The notion that Ozu is "the most Japanese" of Japanese filmmakers is one of those bits of cinematic Common Knowledge that has been so often repeated, by fans and detractors alike, that it has taken on the trappings of unassailable truth, like the idea that Citizen Kane is the greatest sound film ever made or that no killer pig movie will ever top Razorback. But the saw is a misleading one. Ozu's greatness doesn't rely on any kind of cultural particularity but in the universality of his themes. Sampling Ozu you find not "the flavor of green tea over rice" (a uniquely Japanese treat and the title of one of his films), but the bittersweet, hauntingly familiar taste of the endless every day.
Take Tokyo Story (Tokyo Monogatari). If we want to leave Ozu in his team colors as Most Japanese of all directors, then this 1953 masterpiece would have to be a shoo-in for the title of Most Japanese Film ever. Like most Ozu films, from his sharp spoofs of the '30s to his almost mathematically precise melodramas of the late '50s, it has at its heart issues that transcend any boundaries of time or place.
A finely wrought and carefully understated exploration of the disappointments and mundane beauties of family life, Tokyo Story features Ozu regulars Chishu Riyu and Chieko Higashiyama as an elderly couple from the sticks who travel to Tokyo to spend time with their adult kids, only to find them all too busy to be a family. Only their widowed daughter-in-law, played by the always-luminous Setsuko Hara, bothers to give the old-timers the time of day. With dialogue best described as poetic minimalism and Ozu's signature style, an almost still-life aesthetic that emphasizes detail and a measure of distance, the film manages to break your heart without ever once wringing its hands about it. Transfixed someplace beyond the reach of the kind of cathartic spasms afforded by dramas weepier and less wise, we are drawn inexorably into the inevitable tragedy of these two fragile people fading into life's twilight, finding themselves no longer central to their children's lives, or even to their own.

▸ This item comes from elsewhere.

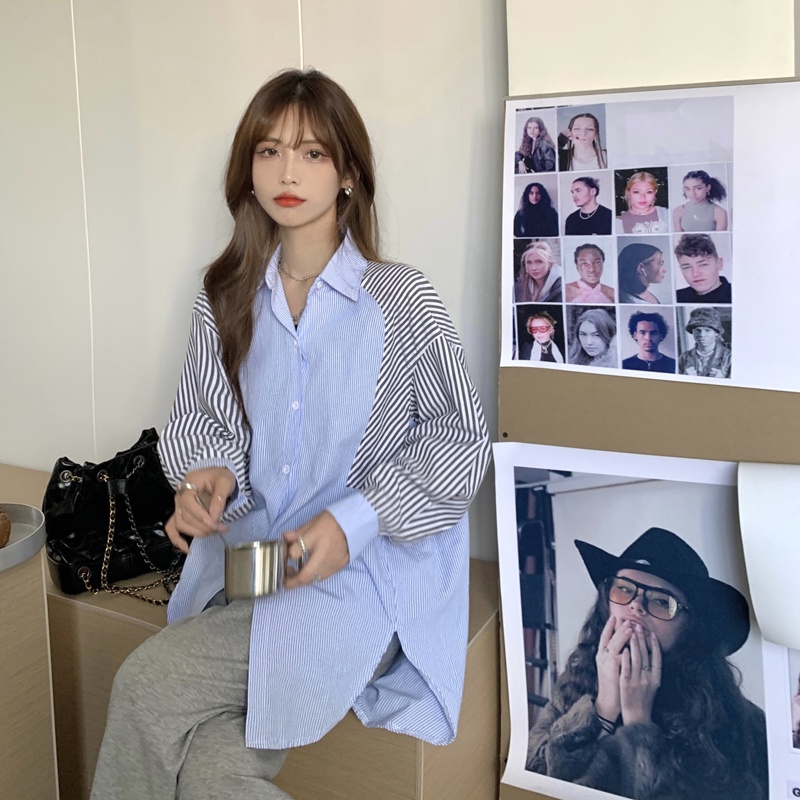 Áo Sơ Mi Tay Dài Kẻ Sọc Thời Trang Retro Hồng Kông Cá Tính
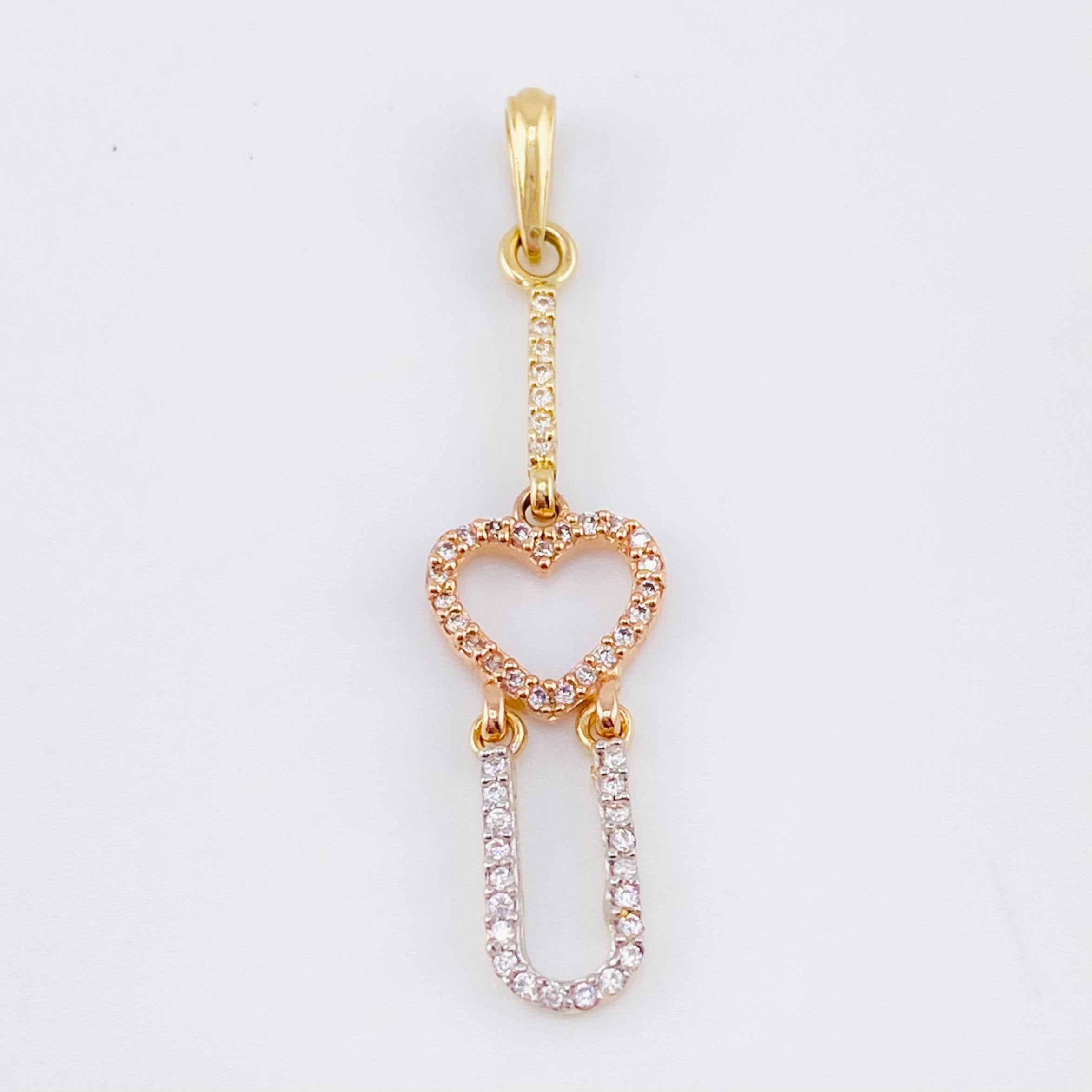 Dije Corazon Colgante Articulado 1.5gr / 4cm / Dos Oros Amarillo Rosa 18K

As timeless as the tale is, there is not one false note here, not one scene that seems cliche or ho-hum, or that lapses into easy hysteria. So great is Ozu's control of his medium that the film walks a tightrope, always in sympathy with its characters without the slightest bow to sentimentality. Miraculously, even the daughter-in-law's final, smiling acceptance of the fact that life is basically a pisser comes off not as bitterness or fatalism, but as a modest kind of enlightenment.
So is Ozu's great masterpiece strikingly, singularly, authentically Japanese-y? Well, Ozu sure ain't Hollywood. But he is a master craftsman and marvelously articulate, and Tokyo Story speaks loud and clear, whether you are following the subtitles or not. It takes a deep breath and a little bit of patience for Tokyo Story to start to work on you, but if you let it, this picture can offer up a delicacy that's always wildly rare: brilliance.